巨大ハイテク企業のデータセキュリティに関するEU当局の監督強化において、アイルランドは先兵としての役割を担う。例えばSNS(交流サイト)の「フェイスブック」の運営会社であるアメリカのメタに対し、DPCは過去4回にわたり累計6億7200万ユーロ(約1059億円)の罰金を科した。
DPCは2021年9月、TikTokに対する2項目の調査に着手。1つ目の調査は、個人情報保護に関するTikTokのアプリ設計と初期設定がGDPRを順守しているかどうかに関するものだ。具体的には2020年7月31日から12月31日までの期間を対象に、TikTokが子どものユーザーのデータをどう取り扱っていたかを調べた。
2つ目の調査は、TikTokが集めた個人情報の中国への転送状況に関するものだ。

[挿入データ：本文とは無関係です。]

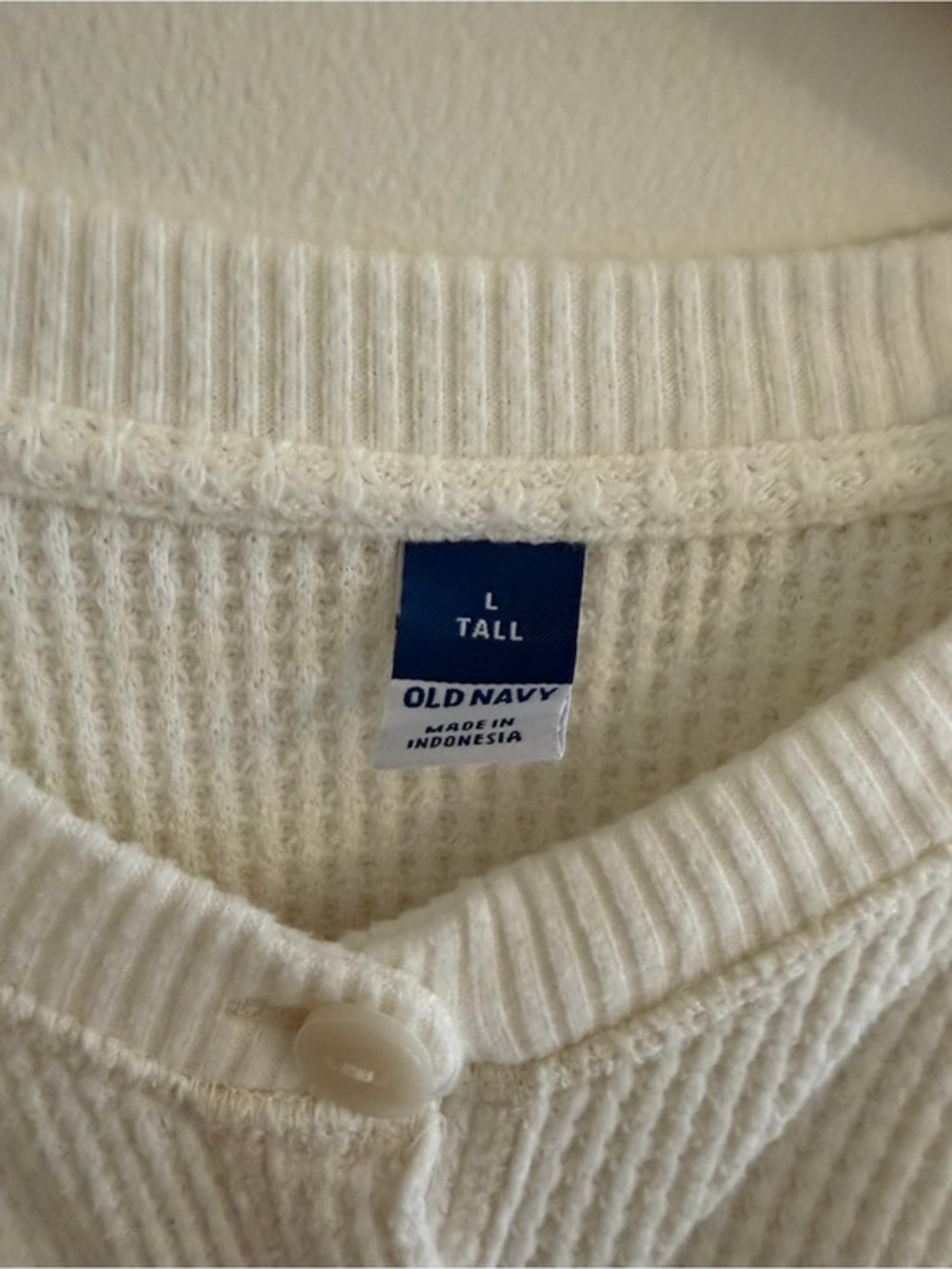 Old Navy White Waffle-Knit Henley Top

GDPRが規定する個人情報データの第三国向けの転送要件に、実態が合致しているかどうかを精査した。
EUにデータセンター3カ所建設
EU当局の監督強化に対応し、TikTokはデータセキュリティ対策のアップグレードを進めている。その一環として、「プロジェクト・クローバー」と呼ぶ新たな対策プログラムを2023年3月に発表した。
これはEUの既存法規に上乗せする格好で、複数のデータ保護対策を自主的に追加するものだ。そのなかには、総額12億ユーロ(約1891億円)を投じて合計3カ所のデータセンターを(EU域内のアイルランドとノルウェーに)設置する計画も含まれている。